How to use levels of evidence in clinical practice
The levels of evidence may not always align with the needs of individual patients or clinical scenarios. Evidence-based medicine takes the best research evidence we have and decides whether it fits with clinical expertise (experience) and patient preferences to reach the best possible care.
Understanding the levels of evidence is essential as part of evidence-based medicine. Healthcare professionals can use the hierarchy of evidence to critically appraise research studies and make informed decisions about patient care. Here are some tips for using levels of evidence in clinical practice:
1. Start with systematic reviews and meta-analyses: These studies provide the highest level of evidence and offer a comprehensive summary of the available research. They can help identify the most effective treatments and interventions.
2. Consider the quality of individual studies: Even within each level of evidence, the quality of studies can vary. It is important to critically evaluate the design, methodology, and potential biases of each study before applying the findings to clinical practice.

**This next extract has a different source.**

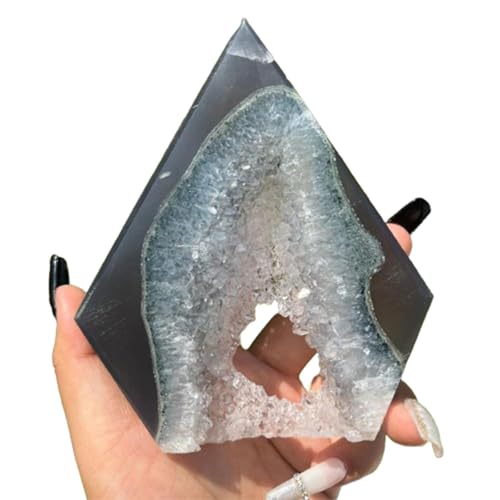 Geode de cristal de soie grise en losange pour sublimer votre salon ou bureau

3. Consider the applicability to your patient population: The results of a study may not always be applicable to your specific patient population. Where was the trial conducted (Inpatient, Outpatient, etc) and is this patient population representitive of your patient? Consider factors such as age, gender, comorbidities, and treatment preferences when interpreting the evidence.

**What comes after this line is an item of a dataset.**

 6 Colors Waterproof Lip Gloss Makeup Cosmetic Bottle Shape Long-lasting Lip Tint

4. Stay updated with the latest research: The levels of evidence are not static and can change over time as new studies are conducted. Doctors work hard to stay updated with the latest research in their field. This helps to ensure the best possible patient care.

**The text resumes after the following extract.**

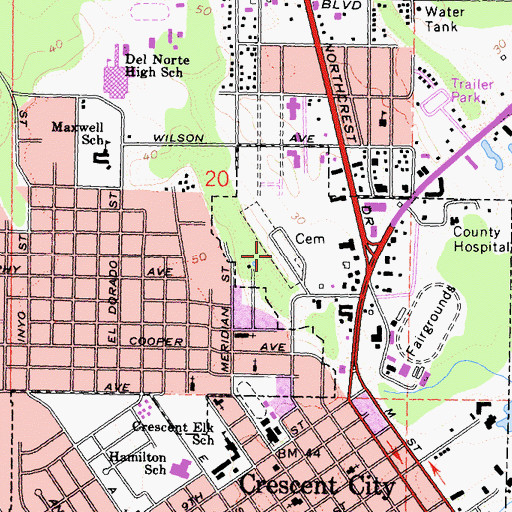 Topographic Map of Masonic Cemetery, CA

5. Combine research results with clinical expertise and patient preferences. Doctors consider the individual needs and values of their patients when making treatment decisions.
Conclusion
Levels of evidence play a crucial role in evaluating the quality and reliability of clinical trial evidence. By understanding the hierarchy of evidence, healthcare professionals, researchers, and patients can make more informed decisions about treatment options and interventions. Systematic reviews and meta-analyses provide the highest level of evidence, followed by randomized controlled trials, cohort studies, case-control studies, and case series/case reports. While the levels of evidence have their limitations, they provide a valuable framework for evidence-based medicine. By critically appraising the design and findings of research studies and considering the applicability to individual patients, healthcare professionals can provide the best possible care based on the available evidence.
As the field of clinical research continues to evolve, it is important to stay updated with the latest evidence levels and research findings. By doing so, healthcare professionals can ensure that they are providing the most accurate and effective care to their patients. So, whether you are a healthcare professional, a researcher, or a patient, understanding the levels of evidence in clinical trials is essential for evidence-based medicine.